EXTRACTED RECORDS:
※

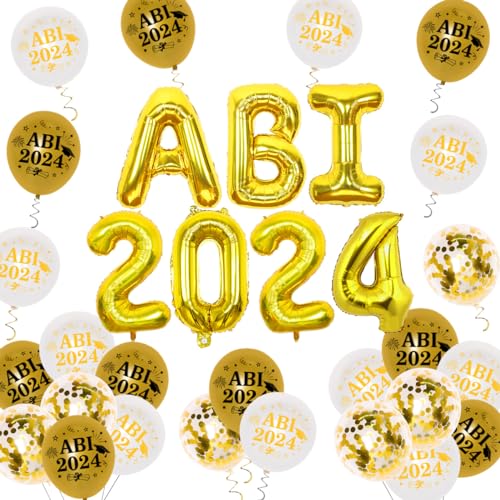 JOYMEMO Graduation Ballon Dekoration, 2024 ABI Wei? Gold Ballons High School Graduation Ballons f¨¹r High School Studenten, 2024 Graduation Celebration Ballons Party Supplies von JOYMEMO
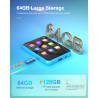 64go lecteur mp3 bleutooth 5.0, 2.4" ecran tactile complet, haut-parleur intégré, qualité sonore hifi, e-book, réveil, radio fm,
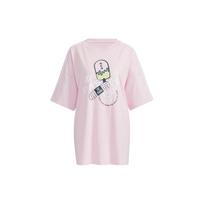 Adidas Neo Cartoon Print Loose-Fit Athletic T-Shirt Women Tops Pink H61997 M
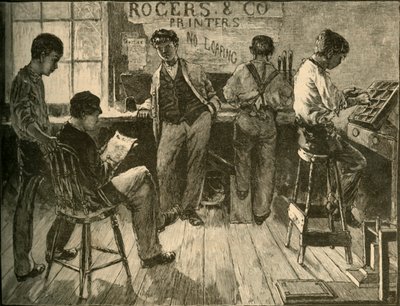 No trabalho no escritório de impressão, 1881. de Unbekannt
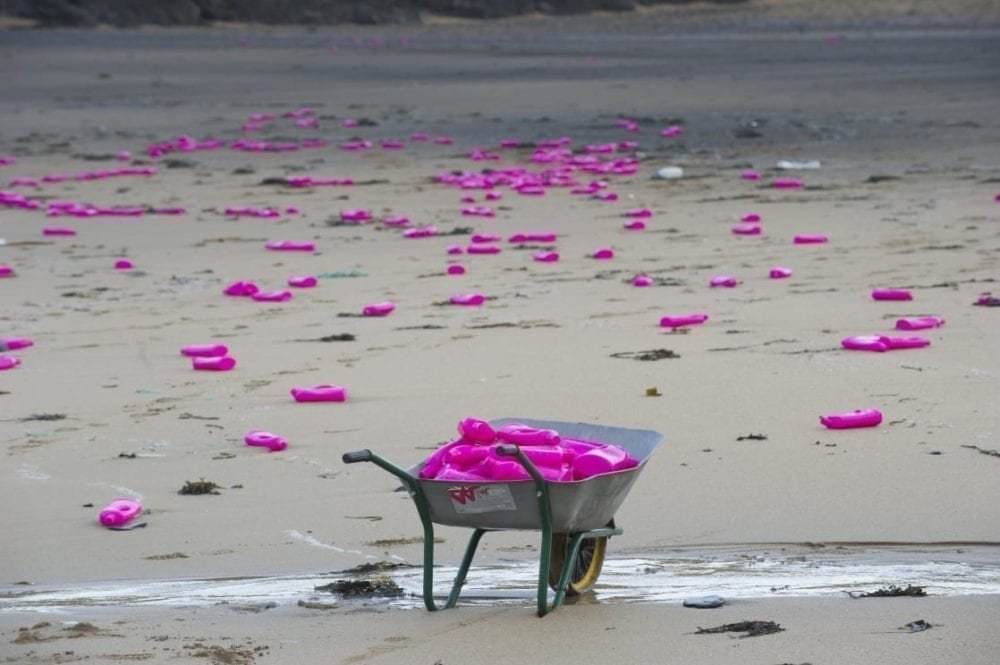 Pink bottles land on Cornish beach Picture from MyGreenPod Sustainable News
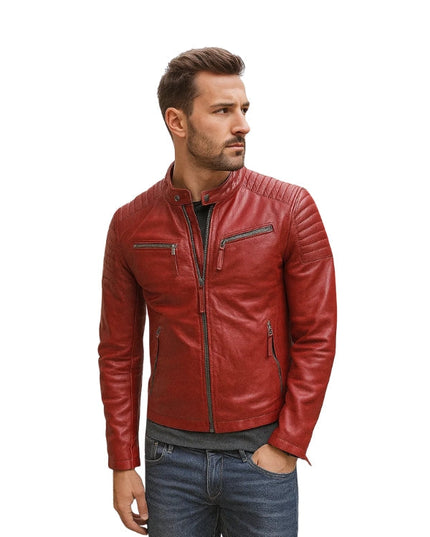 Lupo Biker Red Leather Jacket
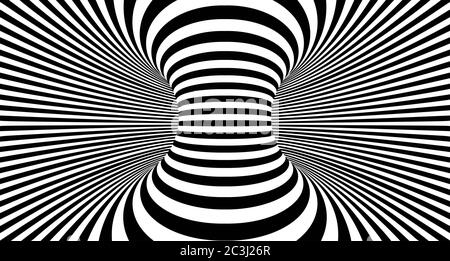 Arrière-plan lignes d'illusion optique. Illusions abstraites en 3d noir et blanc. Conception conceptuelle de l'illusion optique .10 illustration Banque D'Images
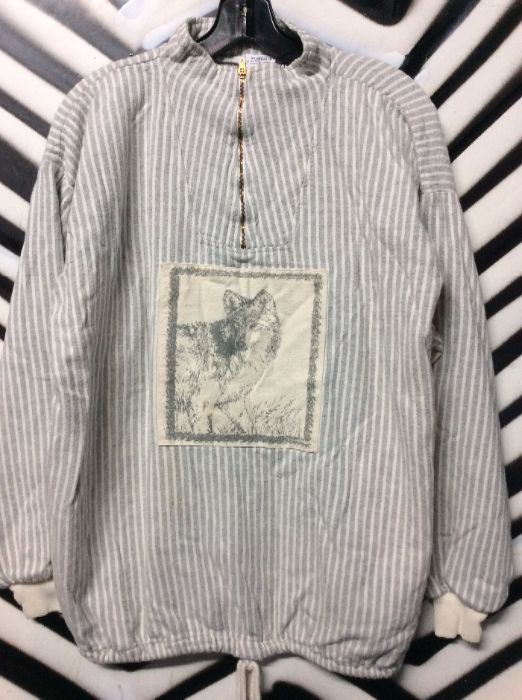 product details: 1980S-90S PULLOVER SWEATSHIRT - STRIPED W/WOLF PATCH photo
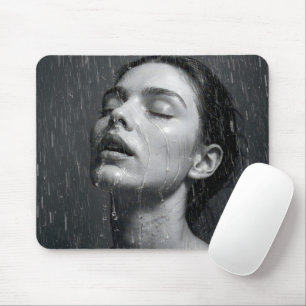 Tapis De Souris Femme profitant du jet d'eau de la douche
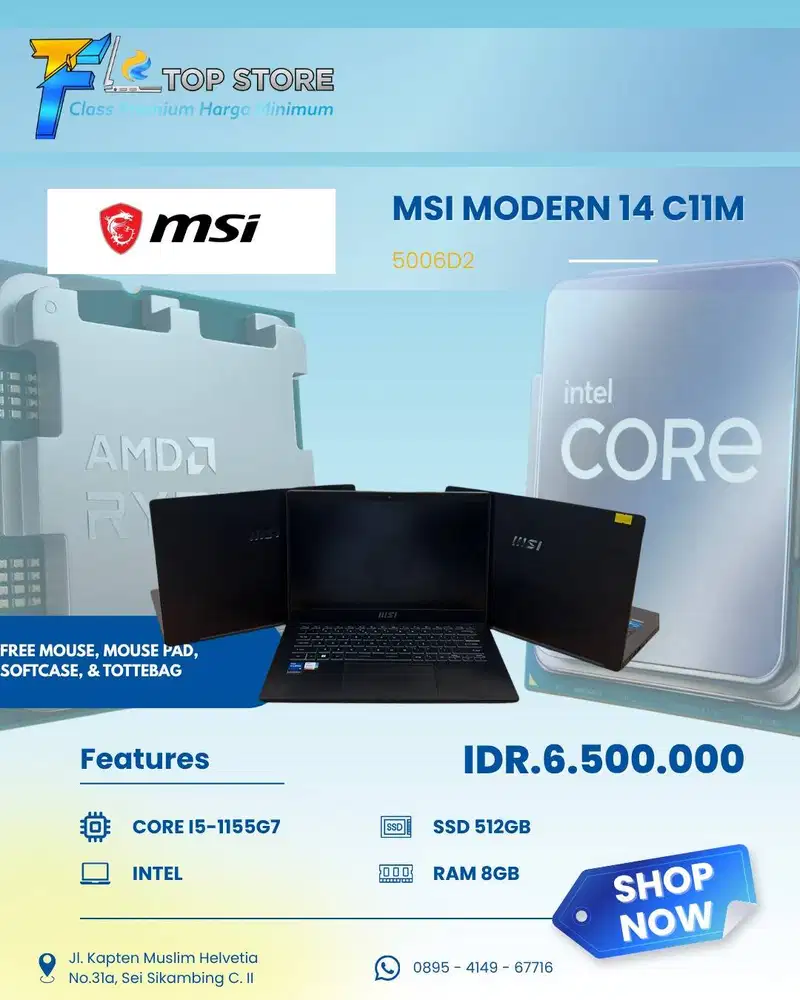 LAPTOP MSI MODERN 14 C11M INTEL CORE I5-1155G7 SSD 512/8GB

※

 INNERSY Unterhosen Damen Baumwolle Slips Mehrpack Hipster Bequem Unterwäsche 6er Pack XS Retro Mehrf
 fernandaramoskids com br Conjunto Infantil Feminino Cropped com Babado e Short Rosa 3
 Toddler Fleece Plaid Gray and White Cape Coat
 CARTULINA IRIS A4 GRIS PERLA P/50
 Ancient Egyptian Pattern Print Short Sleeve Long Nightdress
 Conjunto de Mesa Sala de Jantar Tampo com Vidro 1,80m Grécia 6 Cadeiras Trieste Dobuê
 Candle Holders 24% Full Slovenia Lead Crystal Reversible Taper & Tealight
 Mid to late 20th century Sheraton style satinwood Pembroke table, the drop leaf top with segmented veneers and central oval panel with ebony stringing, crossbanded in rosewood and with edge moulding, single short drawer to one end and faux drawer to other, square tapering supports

※

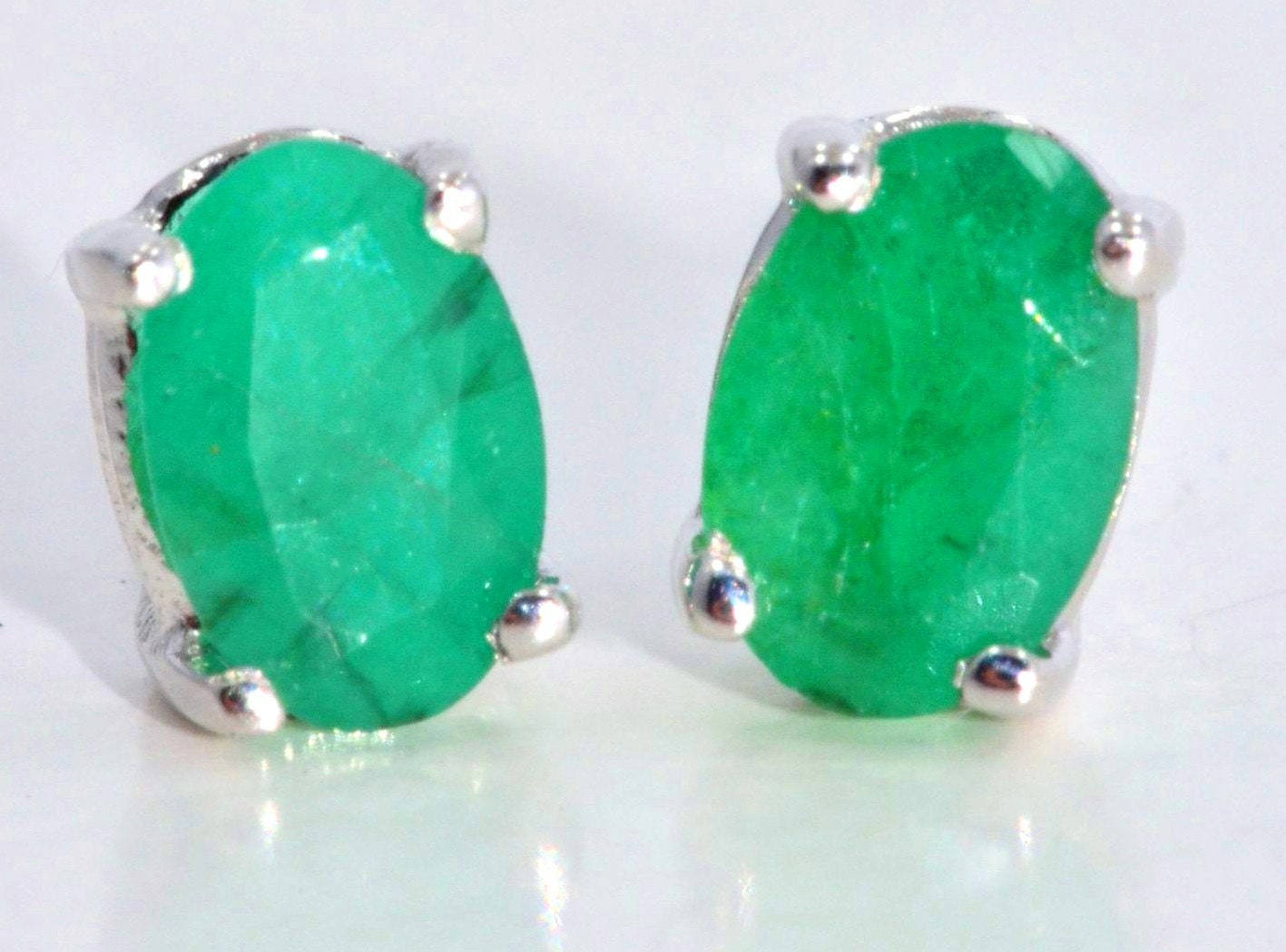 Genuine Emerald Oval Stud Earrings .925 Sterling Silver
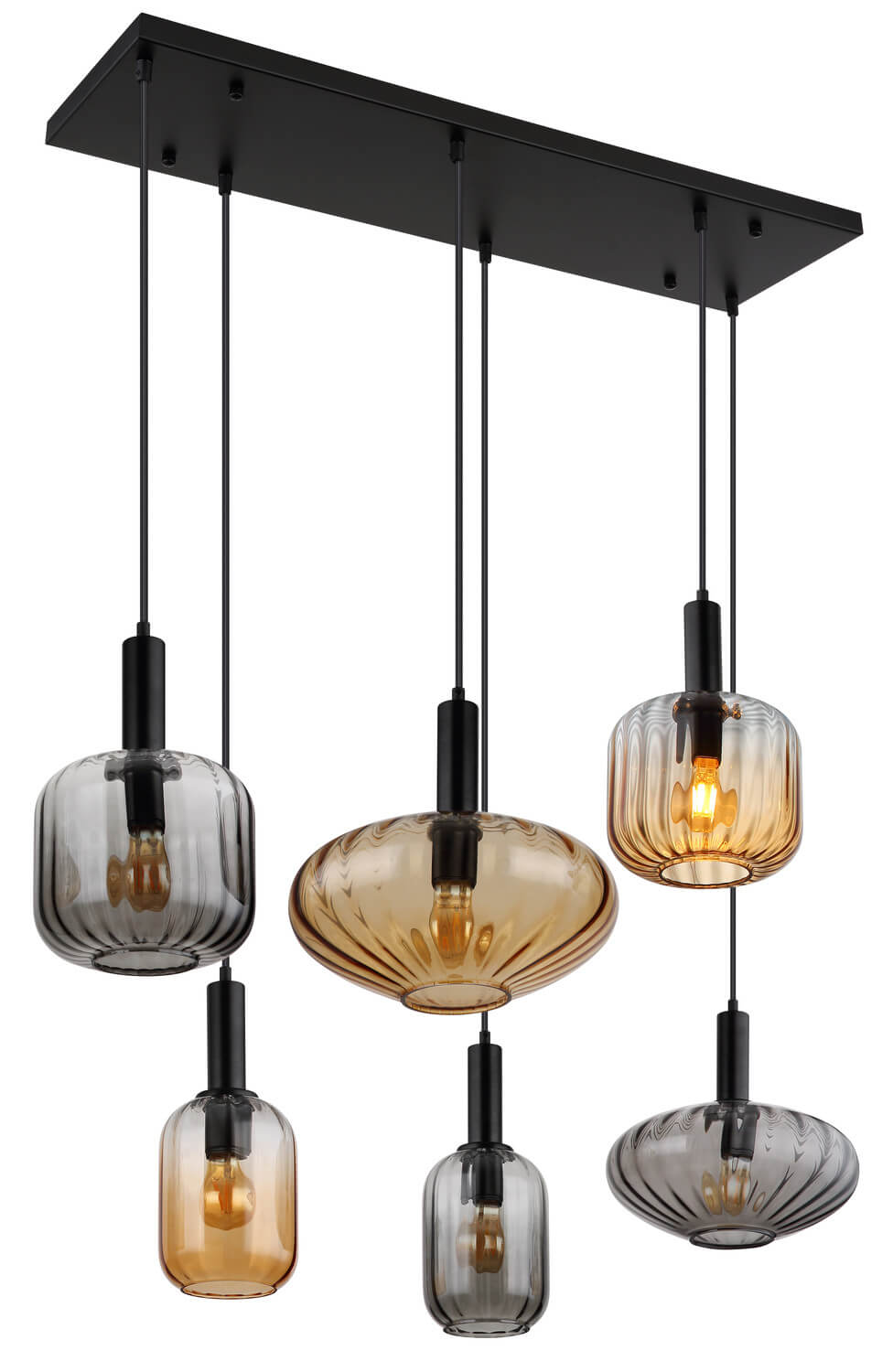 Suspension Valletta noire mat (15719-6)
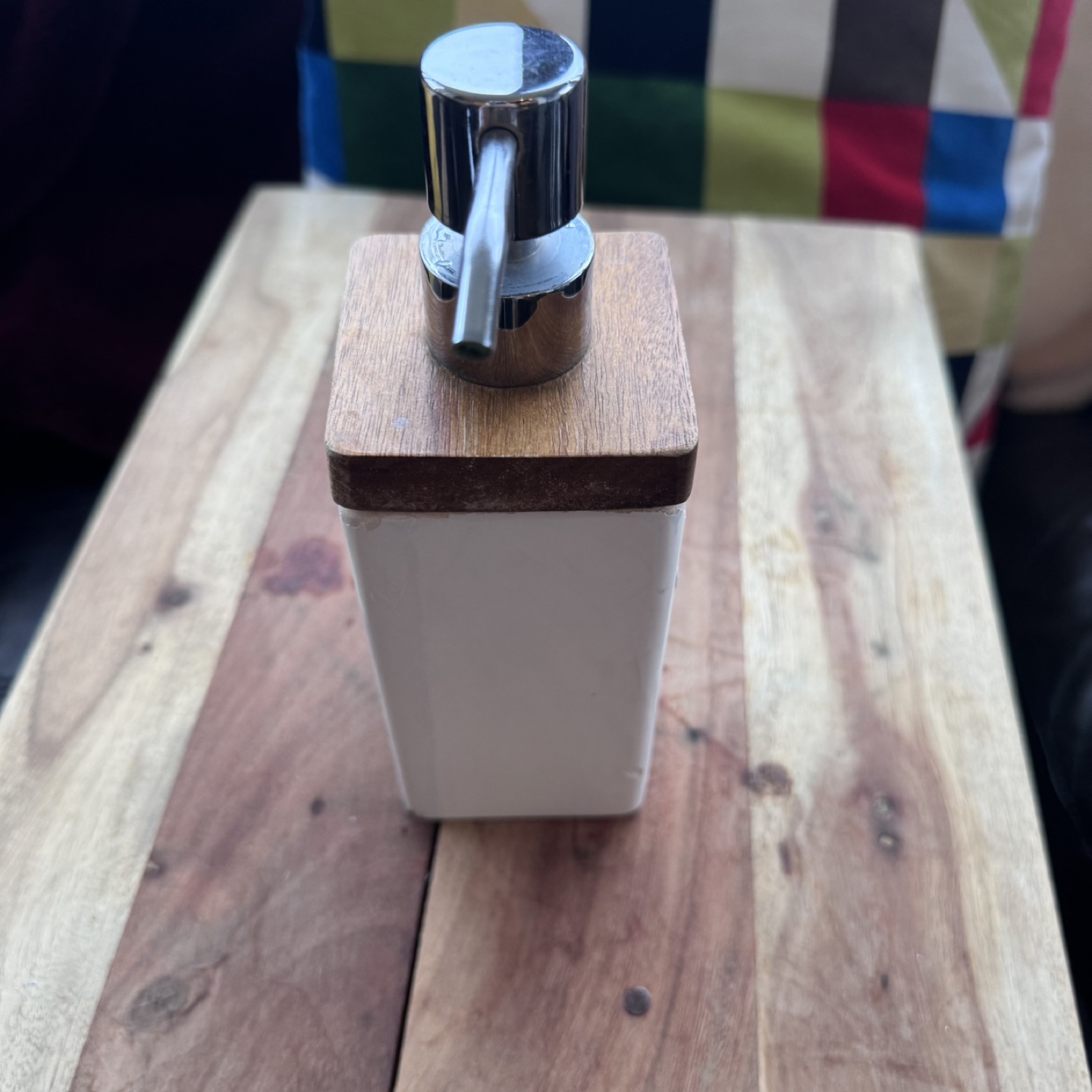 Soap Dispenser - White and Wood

※

PROBLEM:
Look above for the line containing "Toddler Fleece Plaid". Output from there through the line containing "Mid to late", exactly and inclusively.

EXERCISE ANSWER:
 Toddler Fleece Plaid Gray and White Cape Coat
 CARTULINA IRIS A4 GRIS PERLA P/50
 Ancient Egyptian Pattern Print Short Sleeve Long Nightdress
 Conjunto de Mesa Sala de Jantar Tampo com Vidro 1,80m Grécia 6 Cadeiras Trieste Dobuê
 Candle Holders 24% Full Slovenia Lead Crystal Reversible Taper & Tealight
 Mid to late 20th century Sheraton style satinwood Pembroke table, the drop leaf top with segmented veneers and central oval panel with ebony stringing, crossbanded in rosewood and with edge moulding, single short drawer to one end and faux drawer to other, square tapering supports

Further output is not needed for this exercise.